Welcome to the tech industry circa 2001, a time when the heady days of cyberspace are a virtual memory and the lavish bashes once thrown by start-ups to celebrate stock offerings are being replaced by "pink slip" parties for dot-commers who have just been canned.

This month Advertising.com let go a quarter of its 287 employees from its Tide Point headquarters in Locust Point. Once a flagship of Baltimore's emerging e-commerce industry, the company is reeling in the wake of a slump in online ad buying. Cidera Inc., a wireless industry start-up in Laurel, laid off a third of its 265 employees this month.

They're the lucky ones. All told, more than 210 Internet companies flamed out completely in 2000 - 60 percent of those in the fourth quarter, according to a new survey by Webmergers.com. In the process, the companies deep-sixed more than $1.5 billion in investment funds.

Yet, while e-commerce companies may be floundering, many analysts and business leaders in Maryland remain upbeat about the state's tech industry in 2001.

One reason, of course, is that despite all the hype over Baltimore's "Digital Harbor" and other breeding grounds for Internet start-ups in Maryland, the state never saw the explosion of e-commerce firms that occurred elsewhere in the past few years.

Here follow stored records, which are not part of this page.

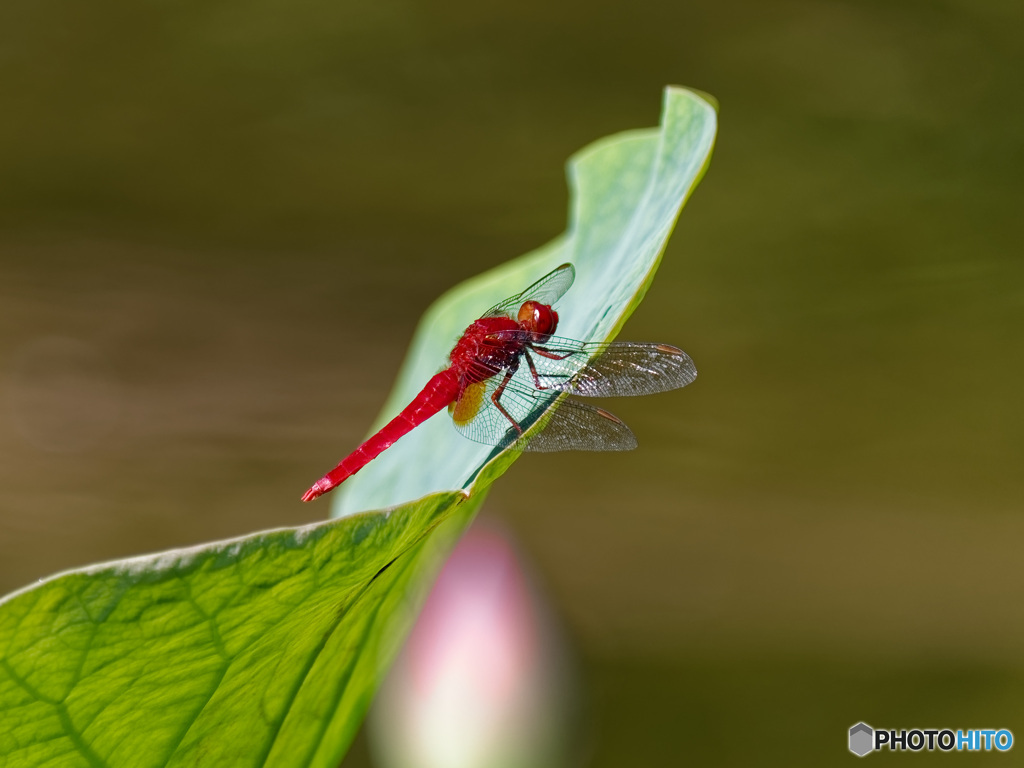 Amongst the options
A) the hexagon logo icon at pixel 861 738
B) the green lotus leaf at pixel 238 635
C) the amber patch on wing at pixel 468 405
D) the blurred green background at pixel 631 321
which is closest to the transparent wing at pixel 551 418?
the amber patch on wing at pixel 468 405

As a result, "we have a lower cliff to fall off of," says Drew Krimsky, president of ACI Group, a fast-growing information technology recruiting firm in Fells Point.

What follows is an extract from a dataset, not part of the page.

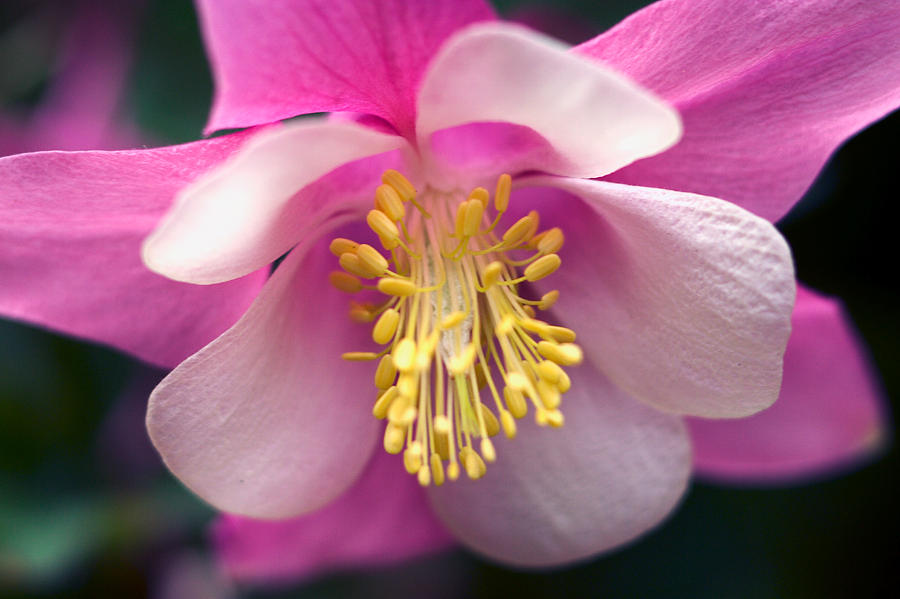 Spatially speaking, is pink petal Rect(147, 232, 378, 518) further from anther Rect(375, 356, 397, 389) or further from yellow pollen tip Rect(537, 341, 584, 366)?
yellow pollen tip Rect(537, 341, 584, 366)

And Maryland has also slowly been nurturing a diverse array of technology companies, which may help cushion the blow if the economy goes south.

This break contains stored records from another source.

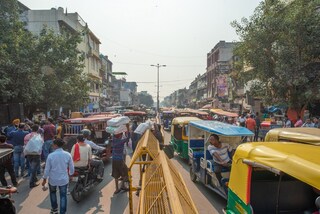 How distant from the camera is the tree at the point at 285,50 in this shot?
15.1 m

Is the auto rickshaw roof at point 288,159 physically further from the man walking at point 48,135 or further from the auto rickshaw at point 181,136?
the auto rickshaw at point 181,136

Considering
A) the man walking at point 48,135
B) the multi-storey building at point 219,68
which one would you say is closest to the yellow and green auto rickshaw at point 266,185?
the man walking at point 48,135

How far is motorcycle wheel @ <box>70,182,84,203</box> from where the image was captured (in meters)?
7.46

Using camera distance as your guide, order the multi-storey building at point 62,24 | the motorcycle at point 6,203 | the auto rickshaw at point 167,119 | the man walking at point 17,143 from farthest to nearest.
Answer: the multi-storey building at point 62,24, the auto rickshaw at point 167,119, the man walking at point 17,143, the motorcycle at point 6,203

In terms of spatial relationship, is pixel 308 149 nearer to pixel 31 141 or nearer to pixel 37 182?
pixel 31 141

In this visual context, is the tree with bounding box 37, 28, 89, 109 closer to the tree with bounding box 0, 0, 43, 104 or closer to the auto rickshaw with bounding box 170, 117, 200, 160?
the tree with bounding box 0, 0, 43, 104

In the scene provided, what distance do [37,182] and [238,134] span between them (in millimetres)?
6088

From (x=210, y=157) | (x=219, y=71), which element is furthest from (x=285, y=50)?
(x=219, y=71)

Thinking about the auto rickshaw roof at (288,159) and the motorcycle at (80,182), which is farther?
the motorcycle at (80,182)

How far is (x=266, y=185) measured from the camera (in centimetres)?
486

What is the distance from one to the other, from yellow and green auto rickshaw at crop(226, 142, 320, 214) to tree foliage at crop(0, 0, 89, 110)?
1164 cm

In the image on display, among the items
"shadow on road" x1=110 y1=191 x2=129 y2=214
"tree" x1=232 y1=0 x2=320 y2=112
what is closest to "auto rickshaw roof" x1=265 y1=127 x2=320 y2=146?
"shadow on road" x1=110 y1=191 x2=129 y2=214

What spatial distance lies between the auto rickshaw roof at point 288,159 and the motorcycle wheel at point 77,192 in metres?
4.34

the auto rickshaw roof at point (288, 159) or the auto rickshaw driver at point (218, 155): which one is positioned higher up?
the auto rickshaw roof at point (288, 159) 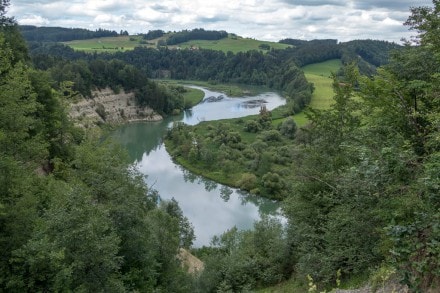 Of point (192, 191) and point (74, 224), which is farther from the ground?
point (74, 224)

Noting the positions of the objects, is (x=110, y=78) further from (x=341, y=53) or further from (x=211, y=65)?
(x=341, y=53)

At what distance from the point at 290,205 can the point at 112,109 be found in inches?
2767

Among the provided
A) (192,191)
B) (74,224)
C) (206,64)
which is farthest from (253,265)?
(206,64)

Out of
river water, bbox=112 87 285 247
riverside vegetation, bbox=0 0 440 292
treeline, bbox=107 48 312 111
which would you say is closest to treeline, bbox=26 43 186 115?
river water, bbox=112 87 285 247

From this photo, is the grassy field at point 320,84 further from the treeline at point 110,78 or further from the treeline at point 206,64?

For example, several of the state's 250 biotechnology firms that dot the Interstate 270 corridor in Montgomery County are flush with cash and leading the charge to turn the newly decoded human genome into 21st-century wonder drugs. The industry already employs 16,000 or so statewide, a number that is expected to swell this year.

Another bright spot in the state is telecommunications, especially hot areas such as wireless and optical networking. For example, Ciena Corp. in Linthicum, which makes optical networking gear, was among the state's best performers in 2000, with its shares ending the year up 173 percent to $78.63.

And there's more. Hunt Valley has quietly become home to a thriving video game industry.

"As the bloom on the dot-coms fade, we're seeing a return to fundamentals, to companies that have real products," observed Phillip Singerman, director of the Maryland Technology Development Corp. (TEDCO).

But that's not to say Maryland is about to become Silicon Valley East. In 2001 there are still plenty of hurdles facing the state's emerging tech industry.

Perhaps because of its government roots, Maryland has a reputation for lacking the kind of "entrepreneurial spirit" found in Silicon Valley and Northern Virginia, Singerman noted.

As a result, many government officials and entrepreneurs alike overlook a singular advantage the state has: all its government and university labs.

Instead of basements and garages, it's places such as Johns Hopkins, the National Institutes of Health and the Aberdeen Proving Grounds where many of the most valuable commercial ideas in the state are likely to be born in the new millennium, Singerman said. "That's our unique strength."

Hopkins, he noted, receives more than $1.2 billion in research funds annually, putting it on a par with all the university R&D in Boston or Northern California. The state, he said, receives nearly $6.3 billion in federal research money, twice as much as California.

But not enough of these ideas leave the labs, Singerman said. And too few researchers dare abandon cozy research jobs and comfortable pensions for start-up riches.

The challenge in 2001 will be nurturing budding entrepreneurs, especially at a time when venture capitalists have suddenly turned stingy.

"The question on my mind is: What level of capital will be available for companies? There are some big forces at work here," Singerman said.